One area where ARGs have near-unlimited potential is in teaching information literacy skills. By placing the skills’ use in the framework of a game, students/players become more invested and enthusiastic about learning these skills. In fact, they often may not realize they’re being taught at all. Here’s some random bits & pieces from the ACRL’s Information Literacy Competency Standards, with brief notes on how ARG players develop and use these skills while playing an ARG:
- “Recognize that existing information can be combined with original thought, experimentation, and/or analysis to produce new information.” – ARGs require exactly this kind of thinking. Players must use their original thoughts to solve puzzles and interact with characters (existing information) via analysis and experimentation.

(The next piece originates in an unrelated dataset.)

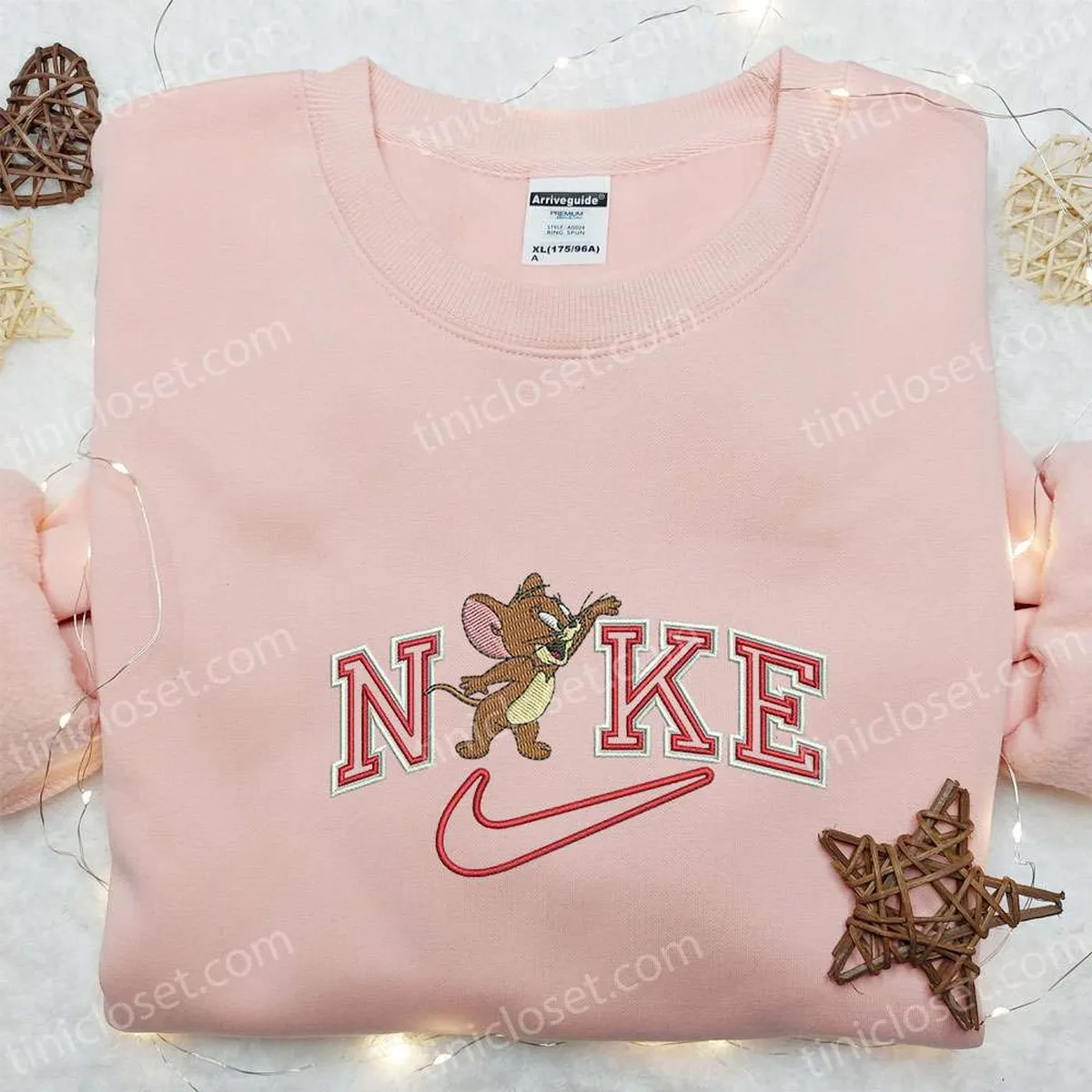 Nike x Jerry Mouse Hey Embroidered Sweatshirt, Cartoon Embroidered Shirt, Nike Inspired Embroidered T-shirt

- “Identify the value and differences of potential resources in a variety of formats (multimedia, database, website, book)” – Many ARGs require balancing information from a variety of source formats including websites, books, raw data, music, games, movies, etc.
- “Create a system for organizing information” – Take a look at the amazingly in-depth and well organized wiki for the recent Dark Knight ARG here: http://batman.wikibruce.com/Home This was entirely player-made.
- “Utilize technology for studying the interaction of ideas and other phenomena” – ARGs by their very nature require the use of many kinds of technology including GPS devices, smartphones, computers, cameras (still and video) audio recordings, etc. Players are encouraged to study and investigate the world around them.
- “Validate understanding and interpretation of the information through discourse with other individuals…” – The Unforums are an example of a vibrant community of ARG players discussing and playing games with each other.
- “Apply new and prior information to the planning and creation of a particular product or performance.” – Players must take information from previous parts of the game and decide where to apply it in order to move forward.
- “Manipulate digital text, images, and data, as needed, transferring them from their original locations and formats to a new context.” – This is a very generically worded skill, but ARGs can still teach it. See any of the examples I’ve listed above.